WASHINGTON — U.S. President Donald Trump famously tweeted that “trade wars were good, and easy to win” in 2018 as he began to impose tariffs on about $360 billion of imports from China. Turns out he was wrong on both counts.
Even before the coronavirus infected millions of Americans and sparked the steepest economic downturn since the Great Depression, China was withstanding Trump’s tariff salvos, according to the very metrics he used to justify them. Once China got the virus under control, demand for medical equipment and work-from-home gear expanded its trade surplus with the U.S. despite the levies.
While trade tensions between the world’s two biggest economic powers didn’t start under Trump, he broadened the fight with the unprecedented tariffs and sanctions on technology companies. The tougher approach, according to the scorecard that follows, didn’t go as he hoped. But he’s leaving his successor Joe Biden a blueprint of what worked and what didn’t.
“China is too big and too important to the world economy to think that you can cut it out like a paper doll” said Mary Lovely, an economics professor at Syracuse University. “The Trump administration had a wake-up call.”
Trump vowed in his 2016 election year to very quickly “start reversing” the U.S. goods trade deficit with China, ignoring mainstream economists who downplay the importance of bilateral deficits. However, the deficit with China increased since then, hitting $287 billion in the 11 months to November last year, according to Chinese data.

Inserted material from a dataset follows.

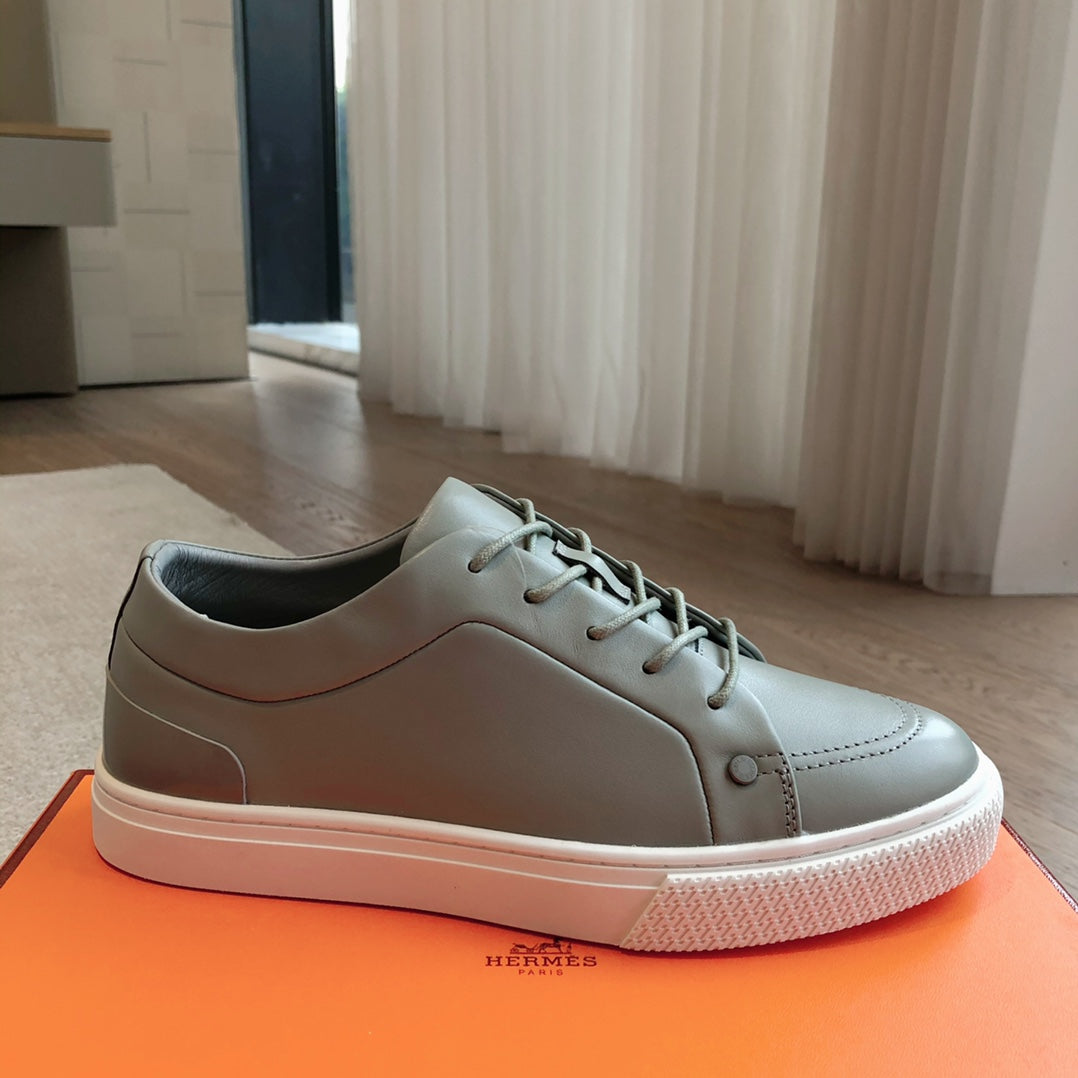 IRWIN SNEAKER LIGHT GRAY CALFSKIN - 35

The deficit did fall year-on-year in 2019, as U.S. companies switched to imports from countries like Vietnam, but it remained higher than the $254 billion gap in 2016. That was partly because Beijing’s imposition of retaliatory tariffs on about $110 billion in goods reduced its imports of American products, and these only started recovering in the last few months of 2020.
As part of the phase-one trade deal signed a year ago, Beijing made an ambitious vow to import $172 billion worth of U.S. goods in specific categories in 2020, but through the end of November it had bought just 51% of that goal. The slump in energy prices amid the pandemic and the problems with Boeing Co.’s planes played a part in that failure.
The persistent deficit demonstrated how reliant companies are on China’s vast manufacturing capacity, which was highlighted again by the pandemic. China was the only country capable of increasing output on a big enough scale to meet surging demand for goods such as work-from-home computers and medical equipment.
Trump repeatedly said that China’s accession to the World Trade Organization in 2001 caused its economy to take off like a “rocket ship,” a result he viewed as unfair. As it turned out, Trump’s trade war with China coincided with another expansion in Chinese exports. After shrinking for two straight years in 2015 and 2016, China’s total shipments grew each year after Trump took office, including in 2019 when exports to the U.S. fell.
A group of 10 Southeast Asian nations replaced the U.S. as China’s second-largest trading partner in 2019. The shift to Asia is likely to continue as Southeast Asian economies are projected to grow faster than developed countries over the next decade. Those trade links will be further cemented by the Regional Comprehensive Economic Partnership pact signed late last year, which will see 15 regional economies gradually drop some tariffs on each others’ goods.